[Source data]
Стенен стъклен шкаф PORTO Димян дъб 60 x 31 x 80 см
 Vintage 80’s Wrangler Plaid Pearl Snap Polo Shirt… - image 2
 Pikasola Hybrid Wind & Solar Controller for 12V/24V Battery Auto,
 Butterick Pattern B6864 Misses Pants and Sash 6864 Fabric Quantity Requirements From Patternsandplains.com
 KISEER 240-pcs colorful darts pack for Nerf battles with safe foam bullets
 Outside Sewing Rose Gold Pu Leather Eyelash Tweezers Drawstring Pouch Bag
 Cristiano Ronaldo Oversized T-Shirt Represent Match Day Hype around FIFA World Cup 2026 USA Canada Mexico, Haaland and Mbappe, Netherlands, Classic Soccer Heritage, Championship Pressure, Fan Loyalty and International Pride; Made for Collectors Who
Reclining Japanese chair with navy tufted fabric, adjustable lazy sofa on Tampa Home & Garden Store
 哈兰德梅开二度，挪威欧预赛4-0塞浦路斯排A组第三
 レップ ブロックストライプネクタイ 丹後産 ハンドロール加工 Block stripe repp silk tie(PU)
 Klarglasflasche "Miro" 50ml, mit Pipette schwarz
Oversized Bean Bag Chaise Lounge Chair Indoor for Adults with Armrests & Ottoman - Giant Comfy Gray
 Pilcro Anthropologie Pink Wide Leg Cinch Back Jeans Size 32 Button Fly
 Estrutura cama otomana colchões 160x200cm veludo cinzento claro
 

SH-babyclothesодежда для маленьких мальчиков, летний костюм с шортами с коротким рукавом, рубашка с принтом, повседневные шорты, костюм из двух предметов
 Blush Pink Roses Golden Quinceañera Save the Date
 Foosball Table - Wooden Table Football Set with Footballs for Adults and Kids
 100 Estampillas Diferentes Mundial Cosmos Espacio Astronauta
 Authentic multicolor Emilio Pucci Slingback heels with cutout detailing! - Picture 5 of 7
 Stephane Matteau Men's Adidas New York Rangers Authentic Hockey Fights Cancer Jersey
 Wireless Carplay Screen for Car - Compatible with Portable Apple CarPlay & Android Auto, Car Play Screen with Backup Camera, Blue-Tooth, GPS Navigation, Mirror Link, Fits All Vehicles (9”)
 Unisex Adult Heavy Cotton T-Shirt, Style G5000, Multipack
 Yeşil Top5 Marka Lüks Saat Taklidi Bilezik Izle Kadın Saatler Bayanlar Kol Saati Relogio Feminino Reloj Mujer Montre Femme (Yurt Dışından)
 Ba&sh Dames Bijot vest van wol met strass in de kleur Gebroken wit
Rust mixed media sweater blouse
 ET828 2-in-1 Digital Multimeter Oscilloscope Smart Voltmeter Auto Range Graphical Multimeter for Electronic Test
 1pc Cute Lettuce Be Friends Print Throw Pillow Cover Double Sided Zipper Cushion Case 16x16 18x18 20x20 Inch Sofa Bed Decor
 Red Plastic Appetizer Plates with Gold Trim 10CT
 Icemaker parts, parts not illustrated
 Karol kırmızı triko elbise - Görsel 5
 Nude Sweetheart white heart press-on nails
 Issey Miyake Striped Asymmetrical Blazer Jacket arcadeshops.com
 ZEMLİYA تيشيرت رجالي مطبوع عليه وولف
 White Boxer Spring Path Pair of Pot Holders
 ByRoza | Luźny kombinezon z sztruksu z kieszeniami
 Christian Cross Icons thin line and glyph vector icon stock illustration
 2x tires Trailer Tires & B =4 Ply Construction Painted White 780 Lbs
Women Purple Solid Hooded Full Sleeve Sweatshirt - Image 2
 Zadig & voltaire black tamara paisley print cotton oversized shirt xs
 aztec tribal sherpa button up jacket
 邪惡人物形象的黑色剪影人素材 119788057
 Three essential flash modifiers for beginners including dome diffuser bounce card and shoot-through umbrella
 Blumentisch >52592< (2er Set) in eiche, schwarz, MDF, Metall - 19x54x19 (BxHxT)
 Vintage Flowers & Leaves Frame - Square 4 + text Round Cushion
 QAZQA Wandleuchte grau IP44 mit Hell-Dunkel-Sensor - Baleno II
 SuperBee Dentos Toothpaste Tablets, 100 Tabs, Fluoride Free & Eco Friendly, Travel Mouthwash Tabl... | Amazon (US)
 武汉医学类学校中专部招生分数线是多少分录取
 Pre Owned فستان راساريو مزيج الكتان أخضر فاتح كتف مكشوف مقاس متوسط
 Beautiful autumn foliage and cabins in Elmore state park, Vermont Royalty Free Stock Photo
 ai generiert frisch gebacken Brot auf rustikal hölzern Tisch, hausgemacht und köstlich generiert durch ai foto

Exercise description –
How many of the lines in these entries hold "Free"? Report only the count.

Response –
2